Overall, ultrasonography can accurately predict celiac disease but its place in the diagnostic algorythm should be varied according to the probability of the disease in a given population.
SPLANCHNIC CIRCULATION IN CELIAC DISEZSE
Basal and postprandial splanchnic blood flow (i.e. that in superior mesenteric artery, SMA, and portal vein, PV) was assessed in celiacs by doppler-US. Uniformly, in fasting condition, there was an increase in SMA velocity and flow, with lower resistivity index , and a higher PV velocity and flow as compared to controls[16-19]. As a consequence, when determined in postprandial phase all the above mentioned parameters showed a significantly lower variation as compared to that observed in healthy subjects[17,19]. Once again, successful long term gluten-free diet reverted all the above abnormalities.

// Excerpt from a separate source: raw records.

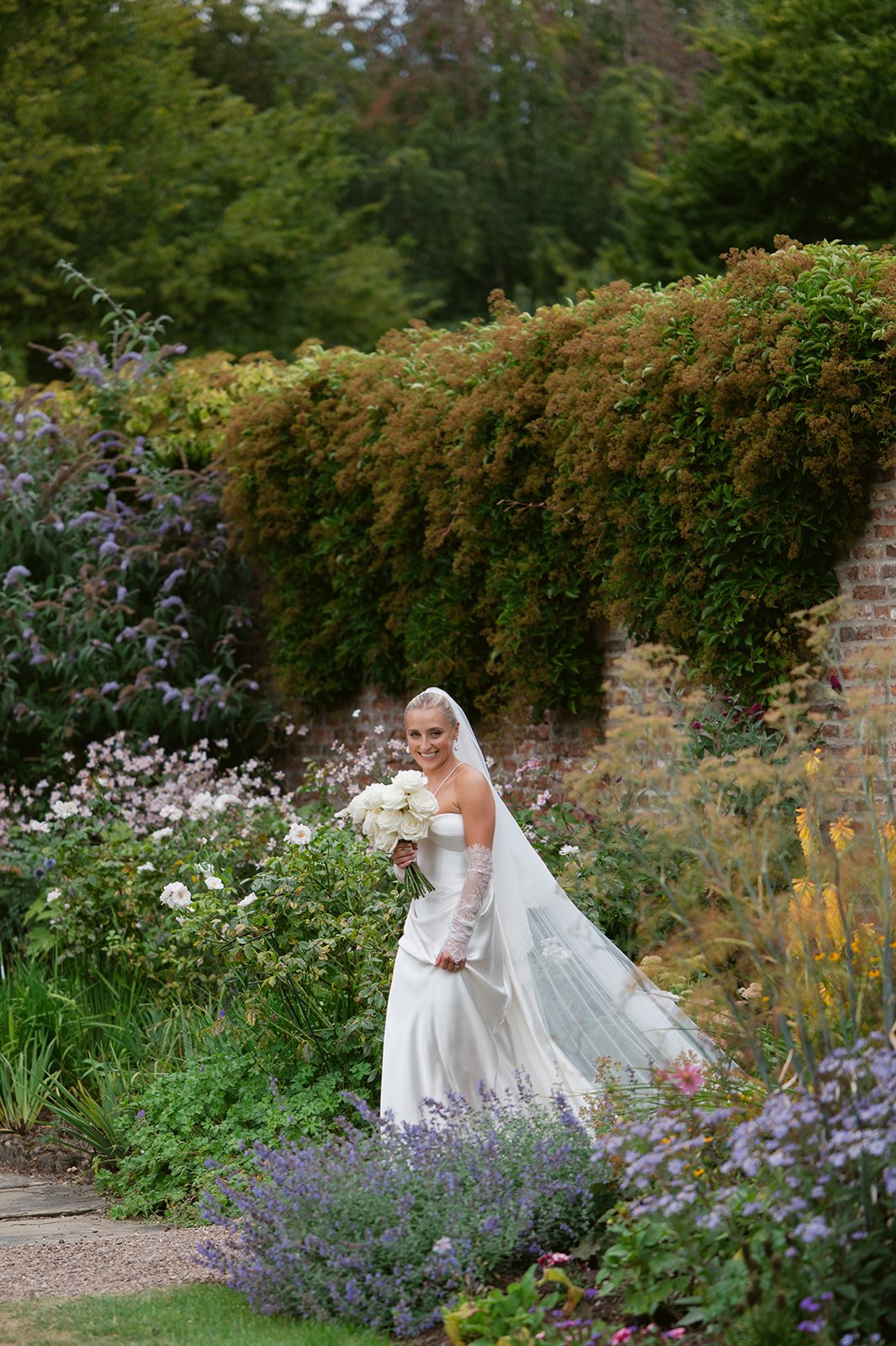 Nina-Callum-Saltmarshe-Hall-322 copy.jpg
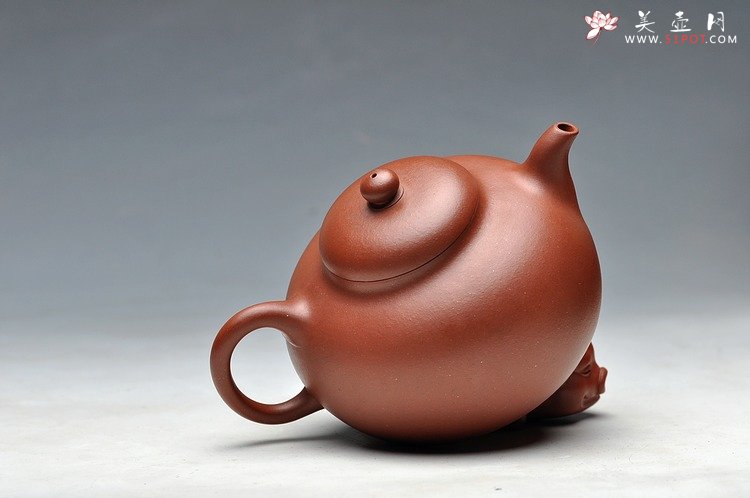 紫砂壶图片：饱满 秀气 做工精致 全手敦古 - 美壶网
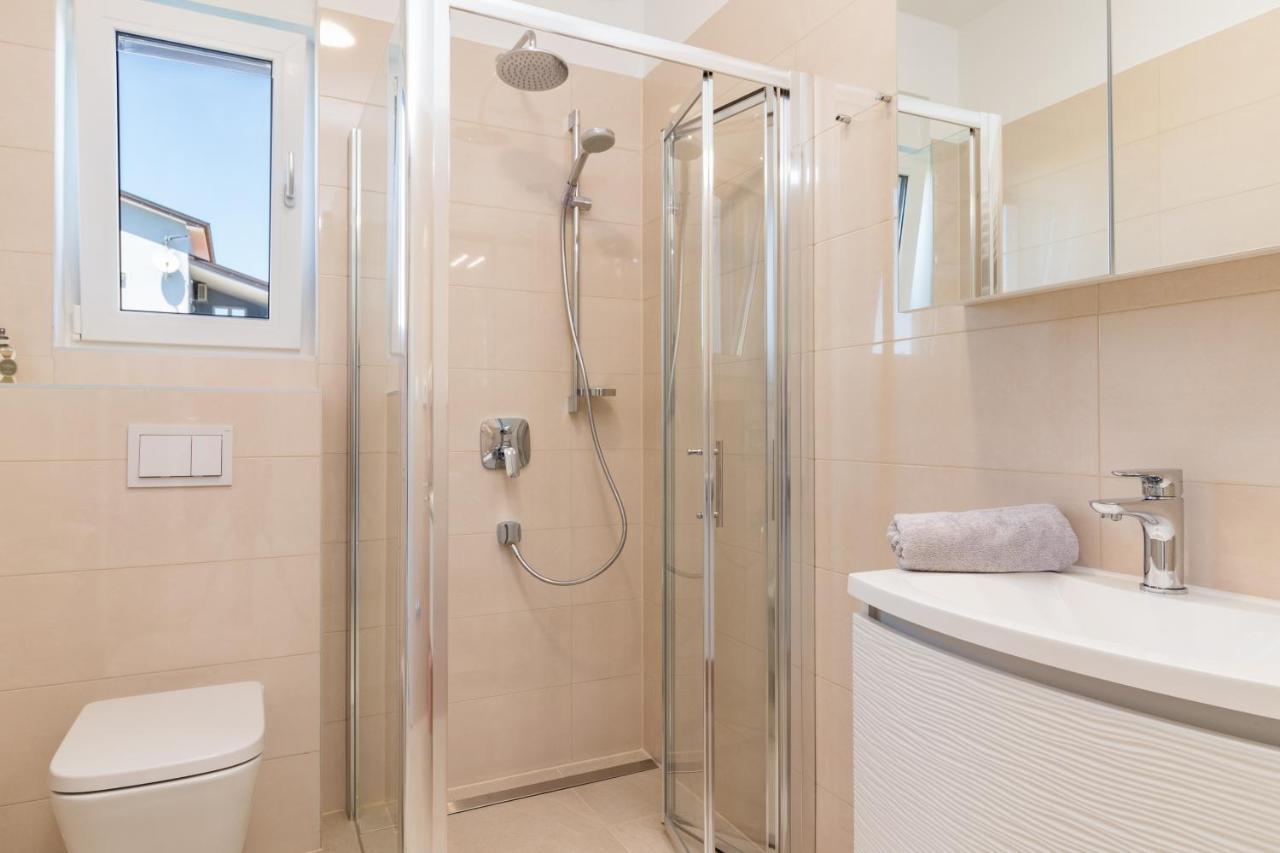 Villa Elena Deluxe Mit Whirlpool Und Beheiztem Pool Am Meer Und Wunderschoenen Blick Auf Die Brijuni Inseln Fažana Dış mekan fotoğraf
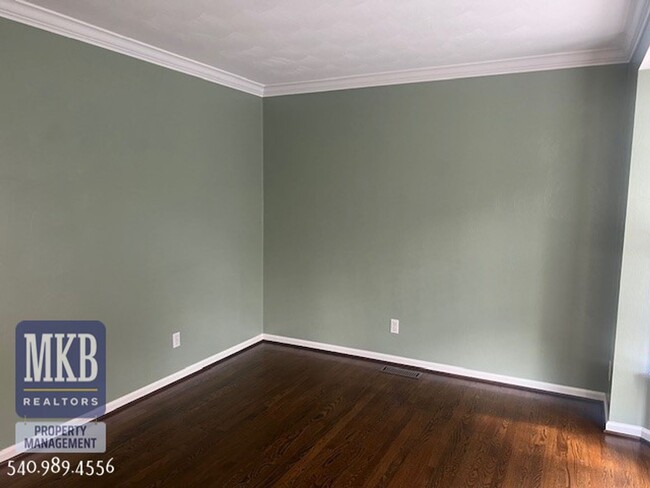 Building Photo - Luxurious 4 Bd/3.5Ba home located in The G...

ABDOMINAL ULTRASOUND IN THE DIAGNOSIS OF THE COMPLICATION OF CELIAC DISEASE INTESTINAL LYMPHOMA AND SMALL BOWEL ADENOCARCINOMA
Enteropathy-associated T cell non-Hodgkin lymphoma (EATL-NHL), whose annual incidence is nearly 0.5-1 per million people, is actually confined to patients with a previously or concomitantly diagnosed CD, and also complicates the refractory form of the enteropathy. Moreover, an increased risk of small bowel adenocarcinoma, an exceedingly rare malignancy with an annual incidence rate of 0.6-0.7 per 100 000 of general population(6), has also been reported.
In the presence of both these neoplasms, the typical US pattern is closely similar with evidence of the so called “bull’s eye”-, “target”- or “pseudokidney” sign related to an eccentric and localized bowel wall thickening(20).

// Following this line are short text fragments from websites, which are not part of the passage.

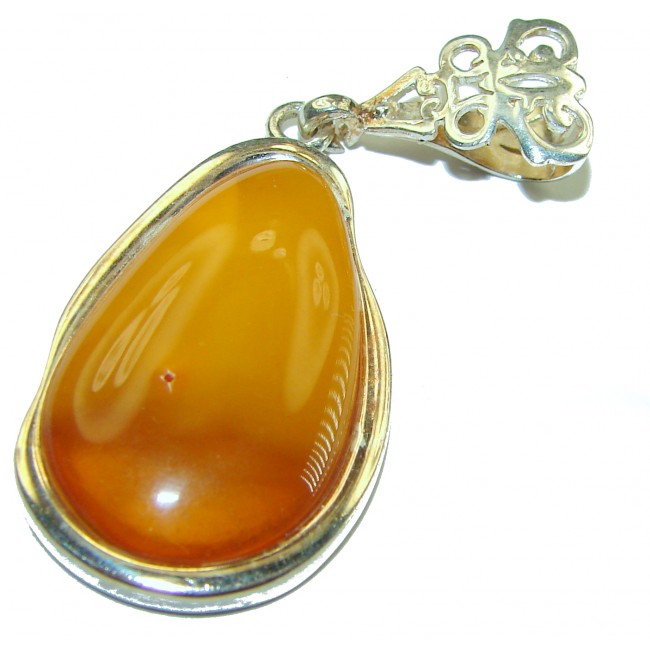 Vintage Beauty authentic Baltic Amber .925 Sterling Silver handcrafted pendant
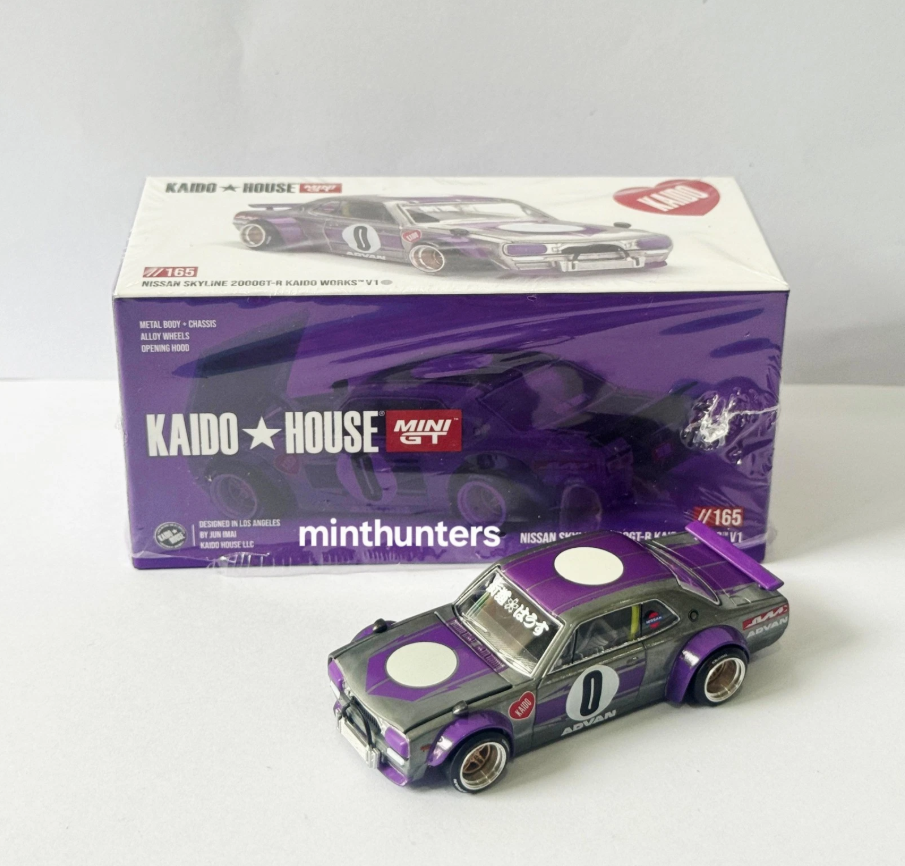 Nissan Skyline 2000GT-R (KPGC10) V1 1969 Kaido Works / Mini GT 1:64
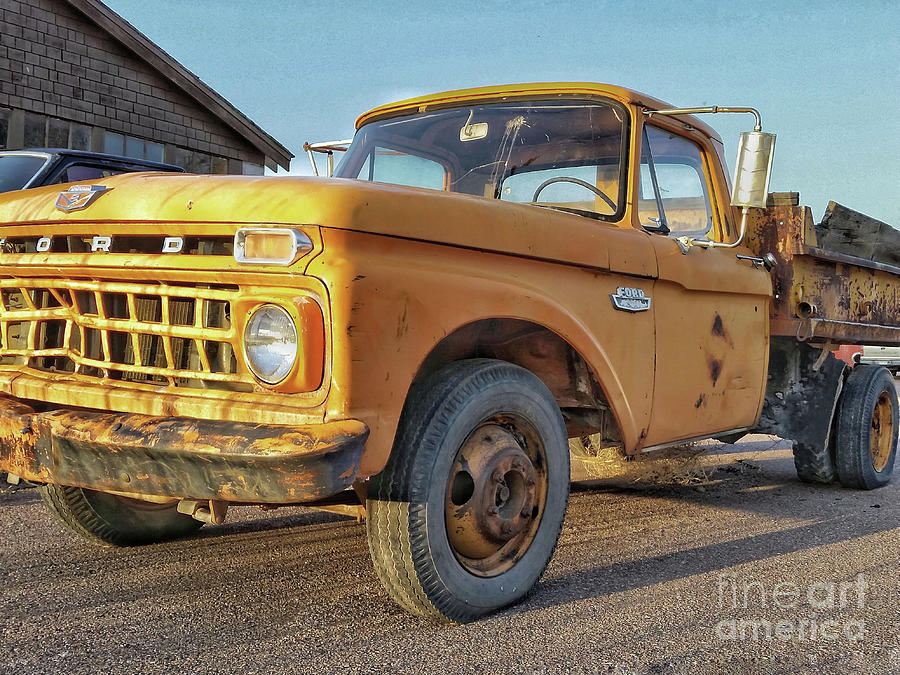 Truck Photograph - Ford F-150 Dump Truck by Tony Baca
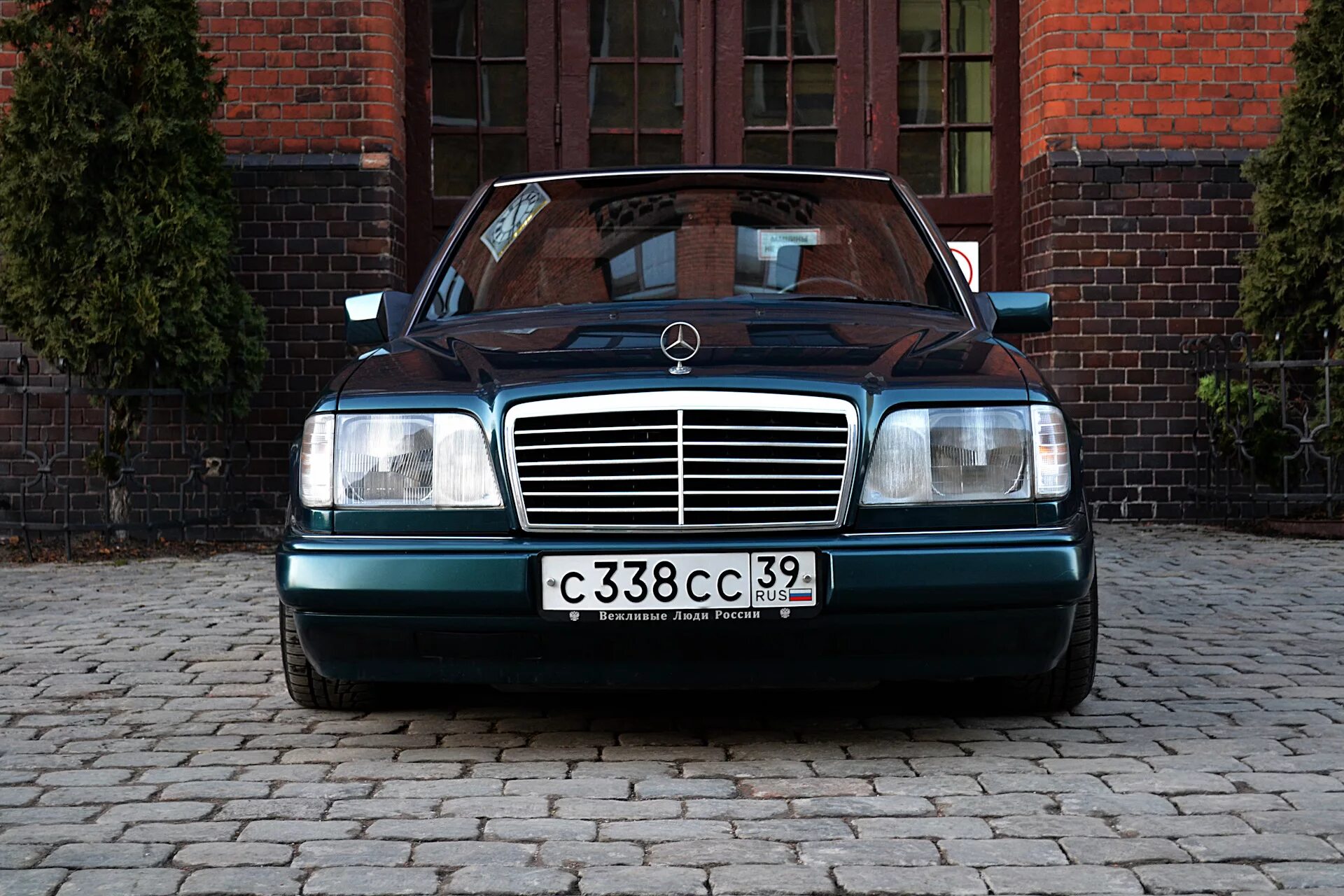 Купить мерседес 124 с пробегом. Mercedes w124. Mercedes 124. Mercedes Benz e class w124. Mercedes Benz w124 e200.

In the above conditions, US is useful in both the disease location and staging; furthermore, it also allows both a detailed characterization of adjacent or distant lymph nodes and their sampling for histology , whenever indicated.
Overall, however, US should not be considered a first level technique in diagnosing superimposed intestinal lymphoma in CD patients, based on its low sensitivity even if performed by well trained operators. Accordingly, US as to be considered as ancillary to endoscopy in identifying and staging EATL in CD patients.